MixEst: A MATLAB toolbox for mixture-model parameter estimation

This toolbox is copyright (C) 2015 by Reshad Hosseini & Mohamadreza Mash'al and is distributed under the terms of the GNU General Public License (GPL) version 3 (or later).

Contact: Reshad Hosseini or Mohamadreza Mash`al

Quick installation guide

  • Unzip andd copy the whole MixEst directory you just downloaded in a location of your choice on disk, say, in /my/directory/.

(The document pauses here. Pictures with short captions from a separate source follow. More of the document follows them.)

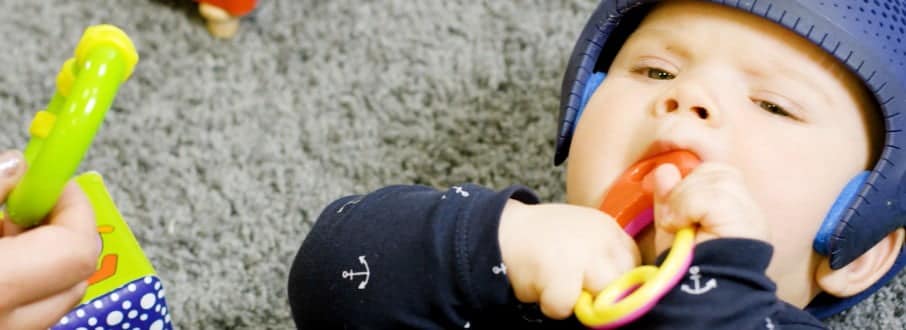 Baby wearing 3D printed orthotics on their head while playing on floor 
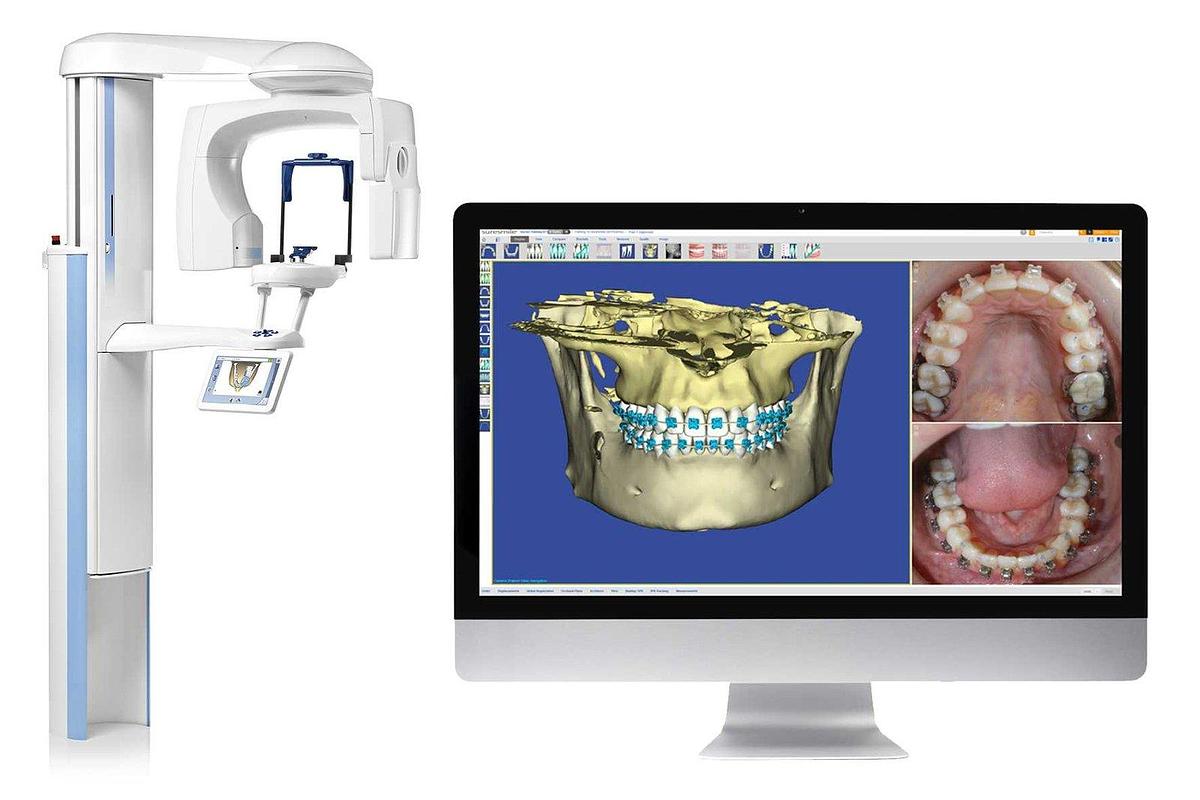 planmeca-promax-3d-s.jpg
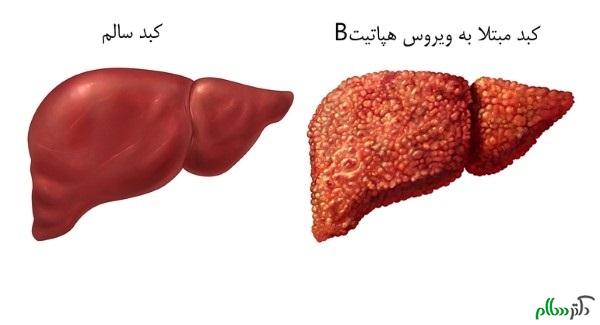 hepatitis-b-2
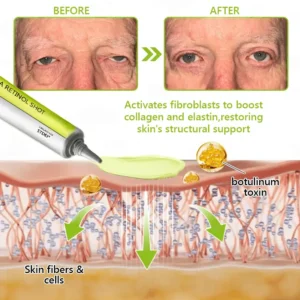 𝑶𝒇𝒇𝒊𝒄𝒊𝒂𝒍 𝑺𝒕𝒐𝒓𝒆👍| Regain youthful skin nown 💫STDEI® BOTOX & VITA A RETINOL SHOT Wrinkle Lift Tightening Cream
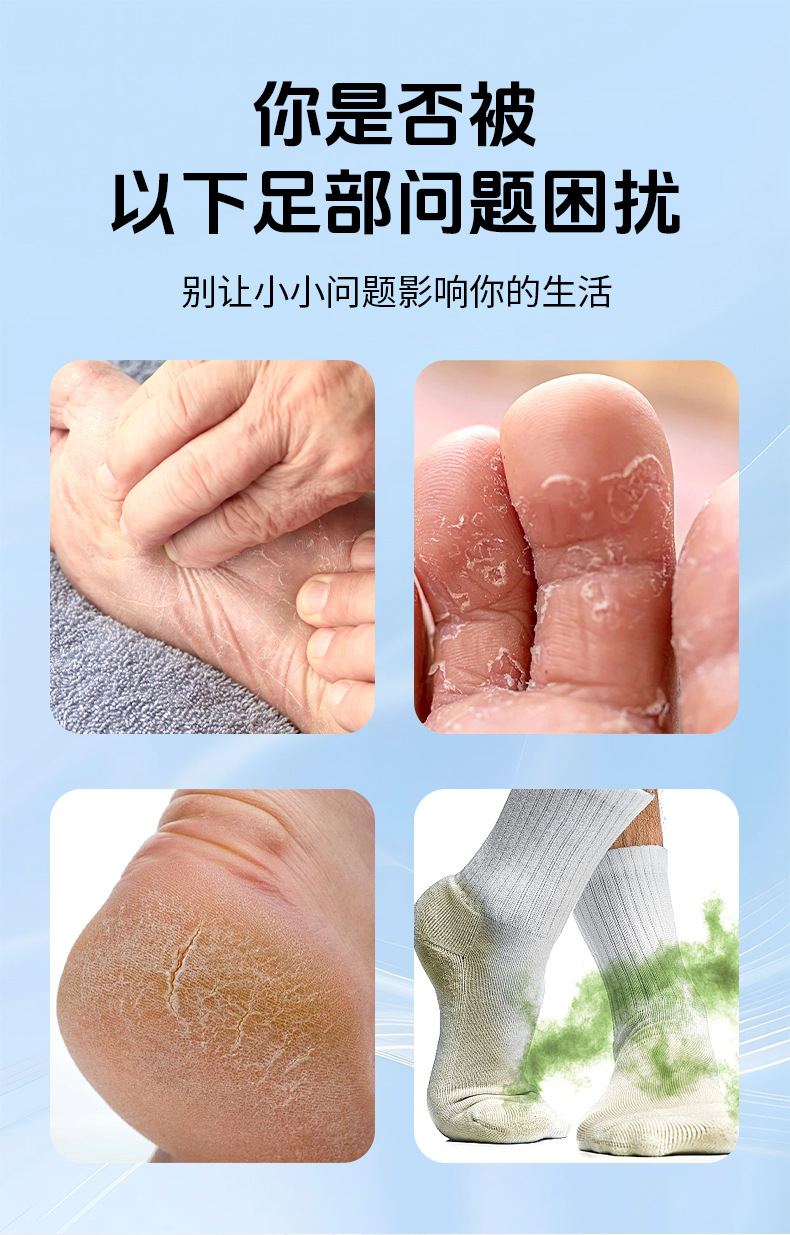 苗家郎中脚臭喷剂厂家批发脚臭脚汗喷雾脚丫喷剂止汗脱皮苗药乳膏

  • Go to /my/directory/eg/ at the Matlab command prompt and execute 'install_mixest'. You may save this path for your next Matlab sessions: follow the menu File . Set Path... and save.

##Directory structure##

./ The top directory with README.md
 | tests/           - test functions 
 | doc/             - toolbox documentation
 | examples/        - some examples showing how to use MixEst
 | mixest/          - folder containing main toolbox files
   |--- auxiliary/        - functions needed for creating a distribution or estimating its parameters
   |--- distributions/    - a collection of functions for creating distribution structures
   |--- estimation/       - main function for estimating the parameters
   |--- gates/            - gate factories needed for creating mixtures of experts
 | thirdParty/      - third party tools
   |--- lightspeed/       - logsumexp function of T. Minka's matlab toolbox
   |--- randraw/          - function for sampling from several distributions by A. Bar-Guy
   |--- vmfmatlab/        - toolbox by A. Banerjee and S. Sra used for sampling from von Mises-Fisher distribution
   |--- manopt/           - manifold optimization toolbox by N. Boumal and B. Mishra
   |--- matlab-xunit/     - xUnit tests for Matlab
   

HOW TO CITE

If you are using this toolbox in your research please cite the following paper:

@Article{mixest,
author = {Reshad Hosseini and Mohamadreza Mash'al},
title = {MixEst: An Estimation Toolbox for Mixture Models},
year = {to appear},
url = {http://visionlab.ut.ac.ir/mixest}
}

Our toolbox depends on Manopt toolbox for doing manifold optimization, please cite the following paper if you are using manifold optimization methods of the toolbox.

@Article{manopt,
  author  = {Nicolas Boumal and Bamdev Mishra and P.-A. Absil and Rodolphe Sepulchre},
  title   = {{M}anopt, a {M}atlab Toolbox for Optimization on Manifolds},
  journal = {Journal of Machine Learning Research},
  year    = {2014},
  volume  = {15},
  pages   = {1455--1459},
  url     = {http://www.manopt.org}
}

If you are using manifold LBFGS method, please cite the following paper:

@Article{gopt,
  title={Conic Geometric Optimization on the Manifold of Positive Definite Matrices},
  author={Sra, Suvrit and Hosseini, Reshad},
  journal={SIAM Journal on Optimization},
  volume={25},
  number={1},
  pages={713--739},
  year={2015},
  publisher={SIAM}
}

Overview

Using MixEst, you can fit arbitrary distributions (usually mixture models) to your data set by various optimization techniques, with minimal effort. The following is the list of what you can do with MixEst:

  • Defining mixtures of arbitrary distributions
  • Estimating the parameters of mixture models using EM algorithm or manifold optimization
  • Avoiding local minima using split&merge algorithms
  • Simultaneous solving local minima and model selection using Competitive EM.
  • Avoiding overfitting by penalized, stochastic manifold optimization or cross-validation
  • Other tools like sampling, AIC, BIC, entropy, KL-divergence, etc.

An example showing the toolbox fitting a mixture on von Mises-Fisher distributions.

An example visualizing the estimation process of a modified version of the Competitive EM (CEM) algorithm on sample 2-D data.